Selain kehilangan panas melalui penguapan, kehilangan panas melalui konduksi
saat bayi terpajan dengan permukaan dingin, dan melalui konveksi yang
disebabkan oleh aliran udara dingin pada permukaan tubuh.
B.
Perlindungan
Termal (Termoregulasi)
Perlindungan termal dapat dilakukan dengan pencegahan
kehilangan panas. Mekanisme pengaturan temperatur tubuh pada bayi baru lahir,
belum berfungsi sempurna. Oleh karena itu jika tidak dilakukan upaya pencegahan
kehilangna panas tubuh maka bayi baru lahir dapat mengalami hipotermia. Bayi
dengan hipotermia, sangat beresiko tinggi untuk mengalami kesakitan berat atau
bahkan kematian. Hipotermia mudah terjadi pada bayi yang tubuhnya dalam keadaan
basah atau tidak segera dikeringkan dan diselimuti walaupun berada di dalam
ruangan yang relatif hangat.
1. Mekanisme
kehilangan panas BBL ke lingkungannya
a. Evaporasi
(Penguapan)
Kehilangan panas bisa terjadi karena
penguapan cairan ketuban bayi setelah lahir, tubuh bayi tidak segera
dikeringkan, atau bayi yang terlalu cepat dimandikan dan tubuhnya tidak segera
dikeringkan / diselimuti
b. Konduksi
(Kontak langsung)
Antara tubuh bayi dengan permukaan
yang dingin. Meja, tempat tidur, timbangan.
c. Konveksi
(terpapar udara sekitar lebih dingin)
Kipas angin, hembusan udara melalui
ventilasi / pendingin ruangan.
d. Radiasi
(suhu ruangan bayi lebih rendah dari suhu bayi).
2. Mencegah
terjadinya kehilangan panas
a. Keringkan
bayi dengan seksama
b.
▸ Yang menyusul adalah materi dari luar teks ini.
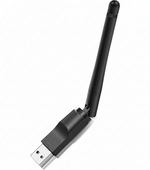 Black USB network adapter with antenna on a white background
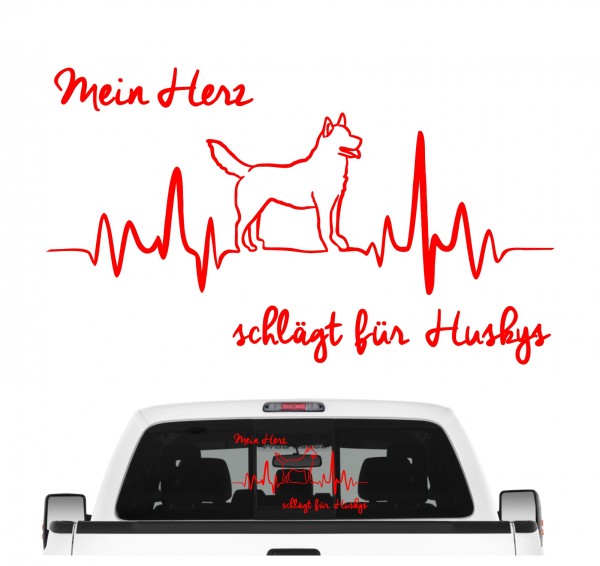 Husky Siberian Icee Sibe Chukcha Huskies Sibireien Schlittenhund Dog Hundeaufkleber Herz AUTOAUFKLEBER Hunde HEARTBEAT EKG by SIVIWONDER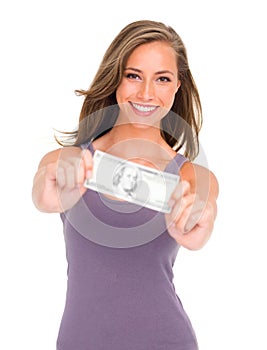 Portrait, studio and woman with dollar smile from competition, winnings and prize of cash. Female person, happiness and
Selimuti
bayi dengan atau kain bersih dan hangat
c. Selimuti
bagian kepala bayi
d. Anjurkan
ibu untuk memeluk dan menyusui bayinya
e. Jangan
segera menimbang / memandikan BBL
f.
Tempatkan bayi di lingkungan yang hangat
3. Pentingnya
menjaga kehangatan bayi, karena:
a. Penurunan
suhu yang cepat pada BBL disebabkan oleh ketidakmampuan bayi untuk menghasilkan
panas yang cukup untuk mengimbangi kehilangan panas pada proses kelahiran.
b. Setiap
bayi yang lahir memiliki sistem pengendalian suhu yang belum matang. Dan pada BBL
dengan BB < 2500 gram serta pada bayi yang premature tidak terdapat lemak
yang cukup untuk menghasilkan panas tubuh.